在项目管理专业的工程方法中,存在一个有向连接图方法,根据这个图我们就可以划出邻接矩阵,然后再求出可达矩阵,缩减矩阵等等,说这些内容,是想表达在用代码模拟图的时候,可以使用矩阵的方式来描述,但本篇中采用的是另一种方式,我们使用数组保存某个节点的neighbor节点。
上边一段话会在下边的代码中进行展示:
Graph.swift
// MARK: - Edge
public class Edge: Equatable {
public var neighbor: Node
public init(neighbor: Node) {
self.neighbor = neighbor
}
}
public func == (lhs: Edge, rhs: Edge) -> Bool {
return lhs.neighbor == rhs.neighbor
}
// MARK: - Node
public class Node: CustomStringConvertible, Equatable {
public var neighbors: [Edge]
public private(set) var label: String
public var distance: Int?
public var visited: Bool
public init(label: String) {
self.label = label
neighbors = []
visited = false
}
public var description: String {
if let distance = distance {
return "Node(label: \(label), distance: \(distance))"
}
return "Node(label: \(label), distance: infinity)"
}
public var hasDistance: Bool {
return distance != nil
}
public func remove(edge: Edge) {
neighbors.remove(at: neighbors.index { $0 === edge }!)
}
}
public func == (lhs: Node, rhs: Node) -> Bool {
return lhs.label == rhs.label && lhs.neighbors == rhs.neighbors
}
// MARK: - Graph
public class Graph: CustomStringConvertible, Equatable {
public private(set) var nodes: [Node]
public init() {
self.nodes = []
}
public func addNode(_ label: String) -> Node {
let node = Node(label: label)
nodes.append(node)
return node
}
public func addEdge(_ source: Node, neighbor: Node) {
let edge = Edge(neighbor: neighbor)
source.neighbors.append(edge)
}
public var description: String {
var description = ""
for node in nodes {
if !node.neighbors.isEmpty {
description += "[node: \(node.label) edges: \(node.neighbors.map { $0.neighbor.label})]"
}
}
return description
}
public func findNodeWithLabel(_ label: String) -> Node {
return nodes.filter { $0.label == label }.first!
}
public func duplicate() -> Graph {
let duplicated = Graph()
for node in nodes {
_ = duplicated.addNode(node.label)
}
for node in nodes {
for edge in node.neighbors {
let source = duplicated.findNodeWithLabel(node.label)

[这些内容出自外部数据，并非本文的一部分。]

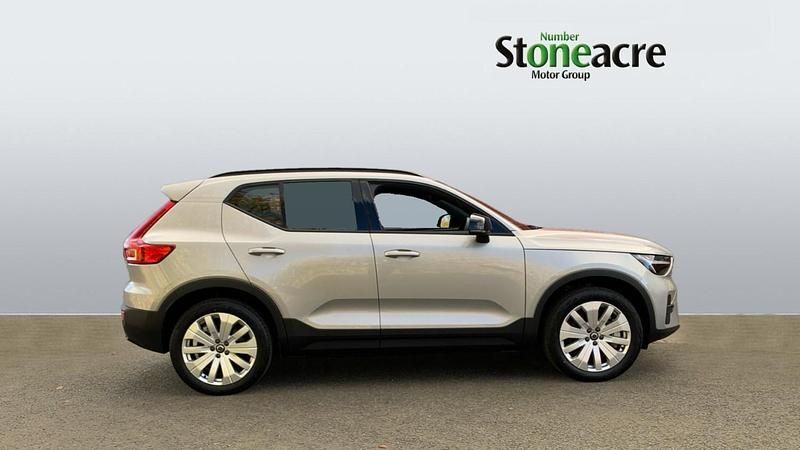 Used Volvo EX40 Core 185 kW (252 HP) 2025 Silver SUV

let neighbour = duplicated.findNodeWithLabel(edge.neighbor.label)
duplicated.addEdge(source, neighbor: neighbour)
}
}
return duplicated
}
}
public func == (lhs: Graph, rhs: Graph) -> Bool {
return lhs.nodes == rhs.nodes
}
Queue
队列同样是一种数据结构,它遵循FIFO的原则,因为Swift没有现成的这个数据结构,因此我们手动实现一个。
值得指出的是,为了提高性能,我们针对在数组中读取数据做了优化。比如,当在数组中取出第一个值时,如果不做优化,那么这一步的消耗为O(n),我们采取的解决方法就是把该位置先置为nil,然后设置一个阈值,当达到阈值时,在对数组做进不去的处理。
这一部分的代码相当简单
Queue.swift
public struct Queue<T> {
fileprivate var array = [T?]()
fileprivate var head = 0
public init() {
}
public var isEmpty: Bool {
return count == 0
}
public var count: Int {
return array.count - head
}
public mutating func enqueue(_ element: T) {
array.append(element)
}
public mutating func dequeue() -> T? {
guard head < array.count, let element = array[head] else { return nil }
array[head] = nil
head += 1
let percentage = Double(head) / Double(array.count)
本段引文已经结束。